(画像はイメージです/PIXTA)

香港在住・国際金融ストラテジストの長谷川建一氏(Wells Global Asset Management Limited, CEO)が「香港・中国市場の今」を解説していきます。

ハンセン指数 21,067.58 pt (▲3.39%)


中国本土株指数 7,340.52 pt (▲3.54%)


レッドチップ指数 3,745.80 pt (▲1.95%)

売買代金1,593億9百万HK$(前日1,803億5百万HK$)

 

週明け13日のアジア時間の取引でも、先週金曜日の米国株式相場の流れを引き継ぎ、米国株先物は、主要3指数が揃って前営業日比約2%近く下落した。これに連れる形で、アジア主要株式指数も大幅に反落した。香港取引所の株価は大幅に下落、ハンセン指数は一時800pt超下げ、21,000ptを割りこんだ。内外の懸念材料から投資家のリスク回避姿勢が強まり、ハンセン指数は前営業日比3.39%安と3日続落した。東京証券取引所でも、日経平均は800円超の大幅下落と前日比3.0%安で引けた。

債券利回りも急上昇

先週末、米国労働省が発表した消費者物価指数CPI(5月)は前年同月比8.6%上昇し、約40年半ぶりの高水準となった。今週は14-15日にFOMCを控え、市場予想では今月、来月は50bpsの利上げを織り込み、9月も同幅の利上げが予想される。一部の参加者の間では3回の利上げの内、75bpsの利上げに踏み切るとの声も出てきた。FRBが物価上昇を抑制するために利上げを急ピッチで進めるとの見方から、債券市場の債券価格は下落し、米5年債金利は3.3%を超えて2008年来の高水準、米10年債金利は3.22%台を付け2018年来の高値を突破している。

 

米ドル金利の上昇を受けて世界各国の債券市場は軒並み大幅に値を下げた。イタリア10年債金利は3.95%を突破した。ドイツ10年債も利回り1.55%をつけた。いずれも2014年以来、最も高い水準である。日本国債も例外なく、売り圧力に押された。10年日本国債利回りは、0.255%まで上昇し、日銀のYCC(イールドカーブ・コントロール)の上限0.25%を突破した。日銀はすぐに、残存期間5年超10年以下を対象とし、5000億円規模の債券買いオペの追加を発表し、金利の上昇を抑え込む姿勢を示したが、YCCの上限を超えたという意味は大きいだろう。

ドル円相場は24年ぶりの安値へ

13日為替相場でドル円は一時、1998年10月以来約24年ぶりとなる135円19銭まで下落した。日銀の黒田総裁は同日の参院決算委員会で、最近の急速な円安の進行は「先行きの不確実性を高め、企業による事業計画の策定を困難にするなど経済にマイナスで望ましくない」と述べた。しかし、為替介入に関しては、鈴木財務相がコメントを控えるなど、注視するだけの打ち手なしの状況である。今週17日には日銀政策決定会合を控えるが、市場は、日銀が金融緩和を継続するしかないと見透かしており、円安に歯止めをかけるような具体的な行動には出られないと見ている。
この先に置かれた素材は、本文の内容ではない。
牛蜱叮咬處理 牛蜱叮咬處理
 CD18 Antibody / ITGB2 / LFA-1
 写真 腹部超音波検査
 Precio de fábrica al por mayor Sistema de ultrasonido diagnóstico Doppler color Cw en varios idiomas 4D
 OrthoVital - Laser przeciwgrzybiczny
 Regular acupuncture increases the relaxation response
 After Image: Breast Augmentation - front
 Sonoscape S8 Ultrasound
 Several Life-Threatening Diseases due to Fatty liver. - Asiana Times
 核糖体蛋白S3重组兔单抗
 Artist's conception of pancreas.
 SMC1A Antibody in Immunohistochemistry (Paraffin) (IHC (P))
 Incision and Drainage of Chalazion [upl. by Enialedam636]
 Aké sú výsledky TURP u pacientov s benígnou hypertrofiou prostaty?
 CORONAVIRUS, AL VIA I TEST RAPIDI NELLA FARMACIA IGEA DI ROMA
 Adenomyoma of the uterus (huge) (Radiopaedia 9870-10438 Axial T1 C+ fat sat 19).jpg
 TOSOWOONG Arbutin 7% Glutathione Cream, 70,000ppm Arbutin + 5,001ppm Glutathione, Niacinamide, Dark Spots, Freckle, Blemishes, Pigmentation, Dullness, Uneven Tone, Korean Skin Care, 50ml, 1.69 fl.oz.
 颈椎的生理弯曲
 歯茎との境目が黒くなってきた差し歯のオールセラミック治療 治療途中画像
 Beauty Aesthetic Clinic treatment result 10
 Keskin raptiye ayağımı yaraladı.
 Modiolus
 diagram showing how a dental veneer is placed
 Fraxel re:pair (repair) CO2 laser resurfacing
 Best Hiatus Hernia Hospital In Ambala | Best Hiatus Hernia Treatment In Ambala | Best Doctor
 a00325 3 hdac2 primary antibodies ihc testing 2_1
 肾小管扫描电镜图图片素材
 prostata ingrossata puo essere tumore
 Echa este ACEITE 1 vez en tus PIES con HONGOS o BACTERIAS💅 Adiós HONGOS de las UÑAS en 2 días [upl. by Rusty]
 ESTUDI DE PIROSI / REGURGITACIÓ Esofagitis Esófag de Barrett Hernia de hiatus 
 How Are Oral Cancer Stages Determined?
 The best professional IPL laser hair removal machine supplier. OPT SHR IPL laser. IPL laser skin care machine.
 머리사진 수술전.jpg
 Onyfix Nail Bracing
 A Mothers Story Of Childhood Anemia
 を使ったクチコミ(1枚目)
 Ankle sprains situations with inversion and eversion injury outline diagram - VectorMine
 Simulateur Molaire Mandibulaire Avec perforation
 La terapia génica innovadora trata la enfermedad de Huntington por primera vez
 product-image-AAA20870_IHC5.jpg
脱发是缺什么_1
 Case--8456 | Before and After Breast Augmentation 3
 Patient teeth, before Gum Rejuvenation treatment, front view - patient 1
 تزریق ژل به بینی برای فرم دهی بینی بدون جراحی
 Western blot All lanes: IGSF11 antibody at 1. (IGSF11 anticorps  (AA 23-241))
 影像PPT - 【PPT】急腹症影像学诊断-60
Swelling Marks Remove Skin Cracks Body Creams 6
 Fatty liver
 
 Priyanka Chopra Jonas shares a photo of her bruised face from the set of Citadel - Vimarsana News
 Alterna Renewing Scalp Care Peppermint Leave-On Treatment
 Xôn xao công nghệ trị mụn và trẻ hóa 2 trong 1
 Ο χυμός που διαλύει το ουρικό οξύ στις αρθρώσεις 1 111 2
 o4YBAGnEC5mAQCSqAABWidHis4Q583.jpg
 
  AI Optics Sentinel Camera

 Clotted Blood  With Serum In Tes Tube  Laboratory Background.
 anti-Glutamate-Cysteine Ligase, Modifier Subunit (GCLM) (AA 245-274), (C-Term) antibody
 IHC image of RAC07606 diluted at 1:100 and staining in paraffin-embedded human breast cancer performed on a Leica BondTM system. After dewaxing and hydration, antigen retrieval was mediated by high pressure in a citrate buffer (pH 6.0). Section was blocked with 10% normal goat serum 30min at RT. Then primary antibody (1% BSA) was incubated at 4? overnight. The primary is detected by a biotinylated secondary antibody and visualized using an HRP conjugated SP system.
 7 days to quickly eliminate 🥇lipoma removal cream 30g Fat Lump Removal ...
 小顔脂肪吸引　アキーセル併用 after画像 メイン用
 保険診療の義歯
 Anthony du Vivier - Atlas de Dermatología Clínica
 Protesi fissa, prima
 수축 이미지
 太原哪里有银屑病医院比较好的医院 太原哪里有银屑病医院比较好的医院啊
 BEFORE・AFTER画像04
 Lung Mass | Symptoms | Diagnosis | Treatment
円安圧力は続くだろう。

 

(出典:Bloomberg)
(出典:Bloomberg)

 

中国では再び感染者がリバウンド傾向へ

北京や上海では、新型コロナ新規感染者が増加傾向にあり、12日は143人(無症状者含む)が確認されて、3日連続して100人を上回った。新規感染者が確認された上海市では、週末に大規模なPCR検査を実施し、上海は屋内での食事を禁止するなど再び都市封鎖が実施されるとの懸念も強まっている。北京市朝陽区のバーでは13日までに228人の新型コロナウイルスのクラスターが発生し、朝陽区は12日から3日間にわたって対象約350万人にコロナ検査を実施すると決定した。北京市では学校の再開を再延期し、スポーツイベントの開催をすべて中止することを決定した。

 

先週、追加経済対策とロックダウン解除への期待が高まった中国株式相場だが、中国では、米FRBの金融引き締め加速が警戒された上、新型コロナウイルスの感染が確認されたことが嫌気された。上海総合指数終値は前営業日比0.89%安の3,255.55、CSI300指数は、同1.19%安の4,189.35で取引を終えた。